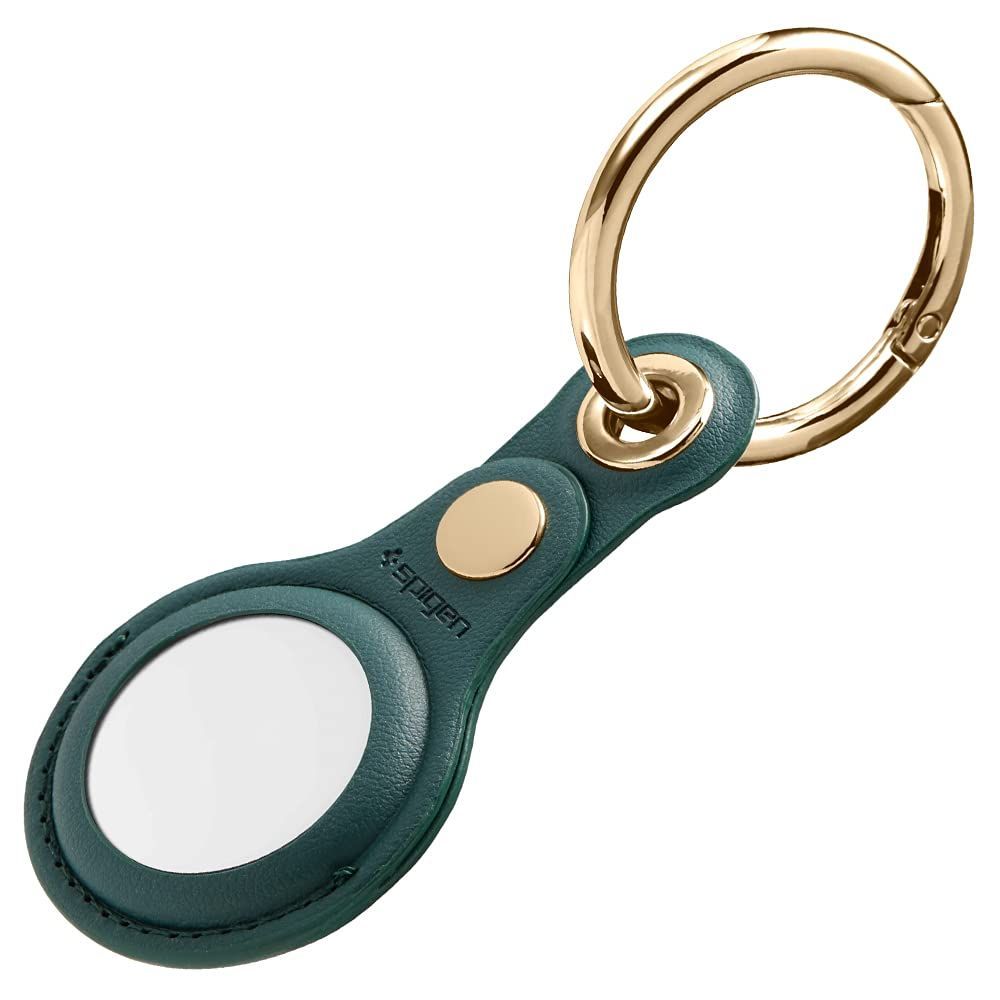 Spigen AirTag ケース レザー キーホルダー カバー 黒 ブラック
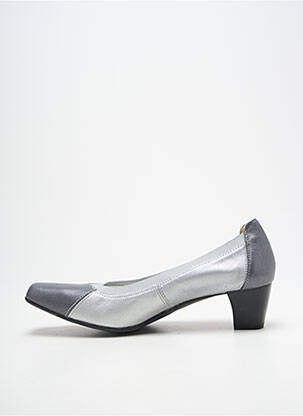 Pantofi cu toc țesătură satinată toc de 4 la 6 cm gri PEDI GIRL femeie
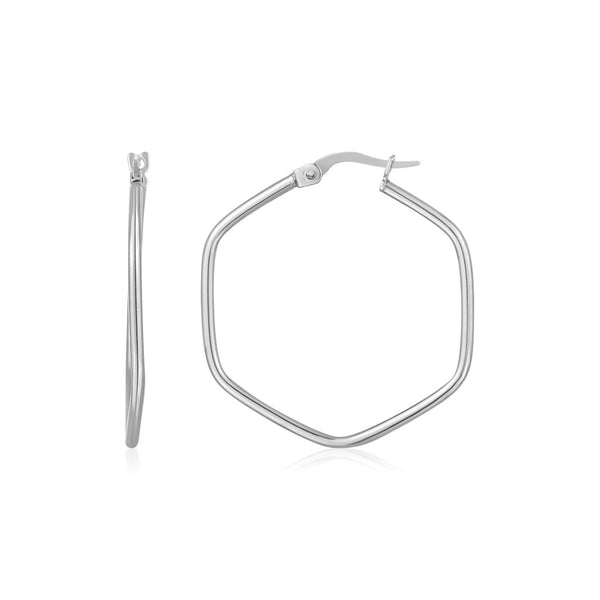 LOVCIA Luxury Glamorous 14K White Gold Hexagon Hoop Earrings with Rounded Edges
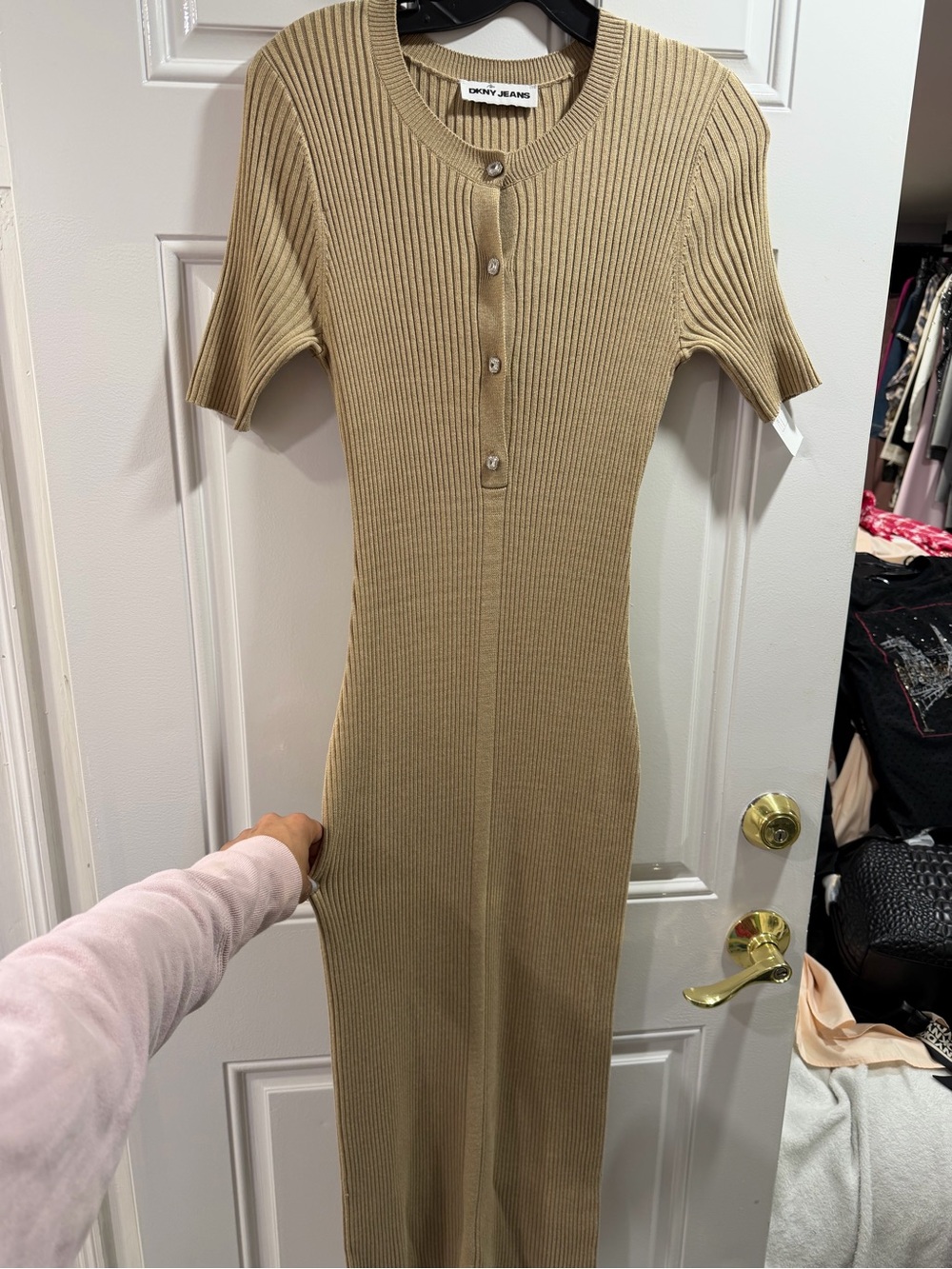 Dkny Tan Ribbed Henley Midi Dress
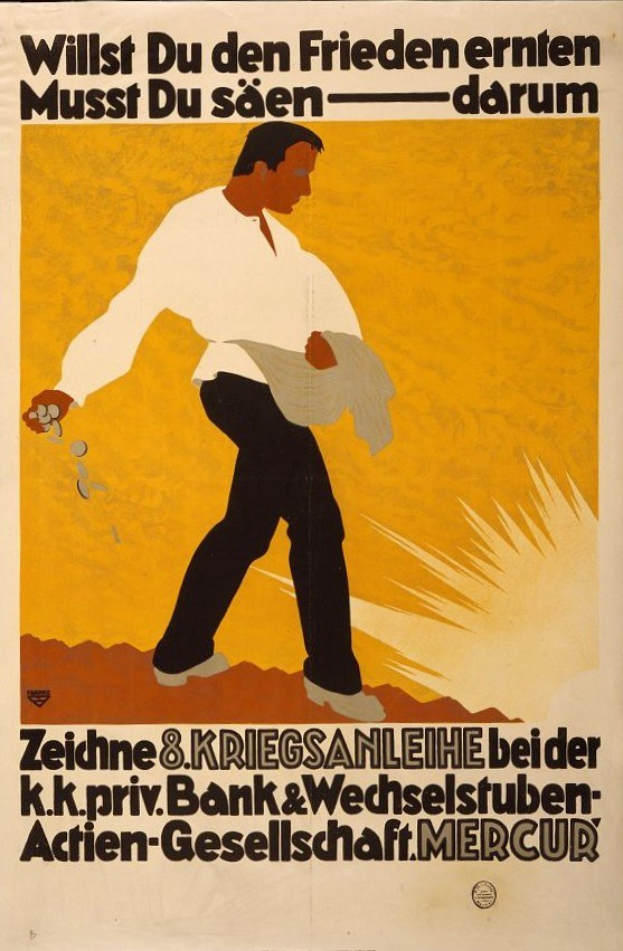 Deutsches Propagandaplakat für die Deutsche Bank mit einem Mann in weißem Hemd und schwarzen Hosen sowie Text über die Dienstleistungen der Bank.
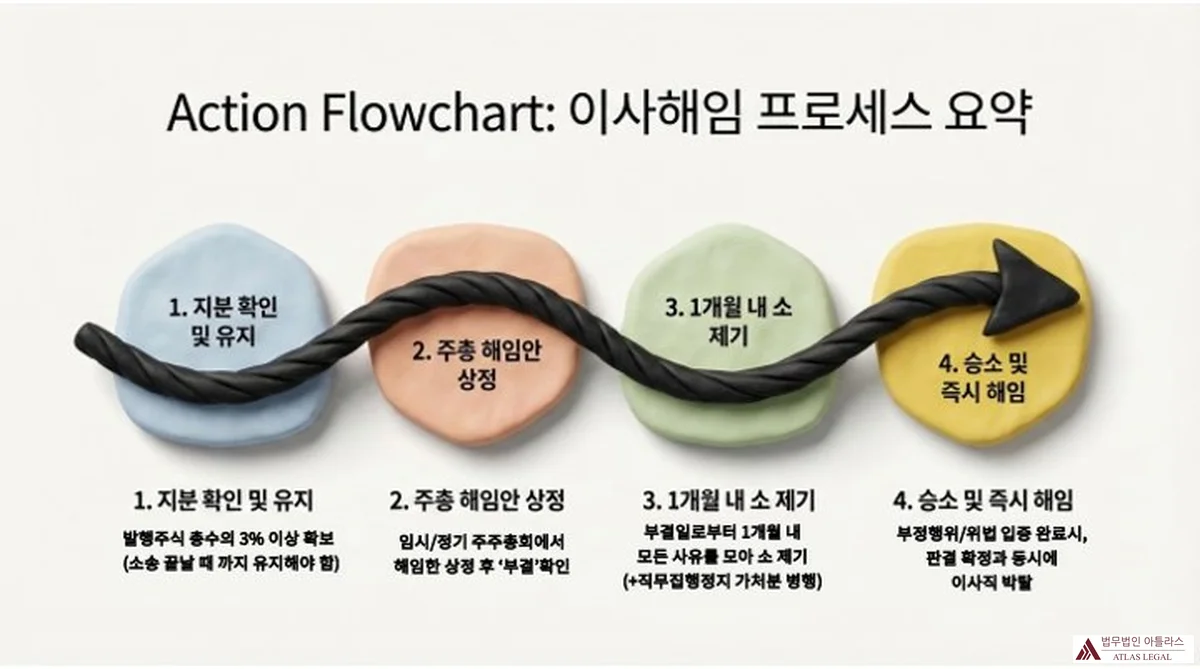 Atlas Legal - Director Removal Process Action Flowchart Four Steps Shareholder Strategy 새끼줄로 연결된 4개의 색깔 원형 단계(지분 확인·유지, 주총 해임안 상정, 1개월 내 소 제기, 승소 및 즉시 해임)로 이사해임 프로세스 전체 흐름을 요약한 액션 플로우차트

....

What is needed is an exact copy of all the data, with no images in it.

 Spigen AirTag ケース レザー キーホルダー カバー 黒 ブラック
 Pantofi cu toc țesătură satinată toc de 4 la 6 cm gri PEDI GIRL femeie
 LOVCIA Luxury Glamorous 14K White Gold Hexagon Hoop Earrings with Rounded Edges
 Dkny Tan Ribbed Henley Midi Dress
 Deutsches Propagandaplakat für die Deutsche Bank mit einem Mann in weißem Hemd und schwarzen Hosen sowie Text über die Dienstleistungen der Bank.
 Atlas Legal - Director Removal Process Action Flowchart Four Steps Shareholder Strategy 새끼줄로 연결된 4개의 색깔 원형 단계(지분 확인·유지, 주총 해임안 상정, 1개월 내 소 제기, 승소 및 즉시 해임)로 이사해임 프로세스 전체 흐름을 요약한 액션 플로우차트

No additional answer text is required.